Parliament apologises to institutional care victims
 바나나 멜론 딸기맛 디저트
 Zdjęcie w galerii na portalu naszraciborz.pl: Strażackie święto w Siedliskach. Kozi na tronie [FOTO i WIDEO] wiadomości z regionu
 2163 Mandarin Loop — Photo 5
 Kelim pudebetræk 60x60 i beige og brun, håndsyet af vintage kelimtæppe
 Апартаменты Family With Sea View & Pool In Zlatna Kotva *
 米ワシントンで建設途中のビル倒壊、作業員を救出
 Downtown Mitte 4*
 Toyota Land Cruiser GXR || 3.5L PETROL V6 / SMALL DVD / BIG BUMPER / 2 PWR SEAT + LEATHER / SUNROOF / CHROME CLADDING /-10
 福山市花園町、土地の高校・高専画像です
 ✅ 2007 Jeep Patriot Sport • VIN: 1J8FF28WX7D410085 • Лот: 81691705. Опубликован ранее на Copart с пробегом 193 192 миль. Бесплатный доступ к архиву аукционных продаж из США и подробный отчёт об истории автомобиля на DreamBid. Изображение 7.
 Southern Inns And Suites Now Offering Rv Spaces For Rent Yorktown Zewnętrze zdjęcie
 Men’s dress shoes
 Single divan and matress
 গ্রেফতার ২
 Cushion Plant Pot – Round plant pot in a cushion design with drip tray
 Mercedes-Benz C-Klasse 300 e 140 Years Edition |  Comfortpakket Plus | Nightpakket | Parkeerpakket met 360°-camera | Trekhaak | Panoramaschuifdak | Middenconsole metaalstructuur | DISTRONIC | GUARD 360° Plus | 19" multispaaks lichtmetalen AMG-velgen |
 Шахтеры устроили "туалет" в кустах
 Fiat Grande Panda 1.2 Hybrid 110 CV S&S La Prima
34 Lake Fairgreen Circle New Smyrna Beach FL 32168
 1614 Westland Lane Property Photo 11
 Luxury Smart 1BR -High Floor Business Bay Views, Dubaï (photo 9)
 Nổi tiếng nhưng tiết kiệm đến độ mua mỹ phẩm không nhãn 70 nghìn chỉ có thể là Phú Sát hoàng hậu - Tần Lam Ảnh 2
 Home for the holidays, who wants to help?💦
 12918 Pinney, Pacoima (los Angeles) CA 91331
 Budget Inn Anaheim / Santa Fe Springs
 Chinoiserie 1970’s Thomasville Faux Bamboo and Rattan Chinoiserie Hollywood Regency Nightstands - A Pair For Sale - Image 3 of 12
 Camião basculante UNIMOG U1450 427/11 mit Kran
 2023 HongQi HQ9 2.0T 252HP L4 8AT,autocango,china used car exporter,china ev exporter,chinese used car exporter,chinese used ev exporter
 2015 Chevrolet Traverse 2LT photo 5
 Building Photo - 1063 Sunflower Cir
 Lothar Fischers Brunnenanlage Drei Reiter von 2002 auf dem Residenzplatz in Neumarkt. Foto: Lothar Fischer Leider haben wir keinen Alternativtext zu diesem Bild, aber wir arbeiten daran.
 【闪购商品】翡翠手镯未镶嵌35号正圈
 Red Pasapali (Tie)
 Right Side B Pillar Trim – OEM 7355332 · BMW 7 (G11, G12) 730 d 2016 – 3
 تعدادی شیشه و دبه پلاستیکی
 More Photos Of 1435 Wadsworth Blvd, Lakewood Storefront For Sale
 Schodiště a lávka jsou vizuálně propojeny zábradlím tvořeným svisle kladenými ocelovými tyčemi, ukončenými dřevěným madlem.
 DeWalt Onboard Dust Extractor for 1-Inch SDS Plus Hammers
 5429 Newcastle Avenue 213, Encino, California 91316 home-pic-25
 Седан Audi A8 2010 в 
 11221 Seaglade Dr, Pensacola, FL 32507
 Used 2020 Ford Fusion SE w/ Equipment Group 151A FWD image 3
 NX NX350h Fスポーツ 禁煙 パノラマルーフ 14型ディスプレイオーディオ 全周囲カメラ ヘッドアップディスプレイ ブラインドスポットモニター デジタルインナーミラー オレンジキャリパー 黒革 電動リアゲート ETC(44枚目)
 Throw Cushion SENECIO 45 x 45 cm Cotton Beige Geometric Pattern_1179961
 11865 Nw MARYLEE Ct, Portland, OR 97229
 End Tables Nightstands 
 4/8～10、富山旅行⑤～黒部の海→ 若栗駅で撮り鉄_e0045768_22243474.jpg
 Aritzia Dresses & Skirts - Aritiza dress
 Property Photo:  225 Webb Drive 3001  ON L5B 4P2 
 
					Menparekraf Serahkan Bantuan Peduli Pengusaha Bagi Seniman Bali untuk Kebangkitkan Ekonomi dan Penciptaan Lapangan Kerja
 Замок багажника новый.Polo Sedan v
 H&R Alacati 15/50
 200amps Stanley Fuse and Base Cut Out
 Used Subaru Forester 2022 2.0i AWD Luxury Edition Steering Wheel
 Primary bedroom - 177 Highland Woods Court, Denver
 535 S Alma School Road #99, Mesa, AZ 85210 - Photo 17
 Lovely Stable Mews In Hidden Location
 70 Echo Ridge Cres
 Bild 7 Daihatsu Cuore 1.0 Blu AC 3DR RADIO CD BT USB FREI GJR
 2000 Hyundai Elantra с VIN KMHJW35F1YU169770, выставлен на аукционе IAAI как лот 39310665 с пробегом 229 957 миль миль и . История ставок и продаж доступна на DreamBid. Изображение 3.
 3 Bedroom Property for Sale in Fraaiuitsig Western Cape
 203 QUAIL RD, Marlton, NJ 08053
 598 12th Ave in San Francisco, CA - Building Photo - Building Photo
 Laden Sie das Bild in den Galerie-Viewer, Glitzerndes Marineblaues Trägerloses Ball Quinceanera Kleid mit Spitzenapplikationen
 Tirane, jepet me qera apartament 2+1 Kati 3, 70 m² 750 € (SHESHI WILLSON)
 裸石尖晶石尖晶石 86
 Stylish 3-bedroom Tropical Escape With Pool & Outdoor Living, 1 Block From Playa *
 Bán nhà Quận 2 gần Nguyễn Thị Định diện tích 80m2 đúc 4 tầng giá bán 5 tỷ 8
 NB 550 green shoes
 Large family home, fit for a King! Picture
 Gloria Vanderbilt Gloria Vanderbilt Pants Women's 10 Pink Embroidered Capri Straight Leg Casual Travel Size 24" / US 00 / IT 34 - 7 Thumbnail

◇ ◇ ◇ ◇ ◇ ◇ ◇

# ABOUT THIS EXERCISE
Using the listing above, count how many lines contain the word "Pool" and, please, write only that number.

# RESULT
2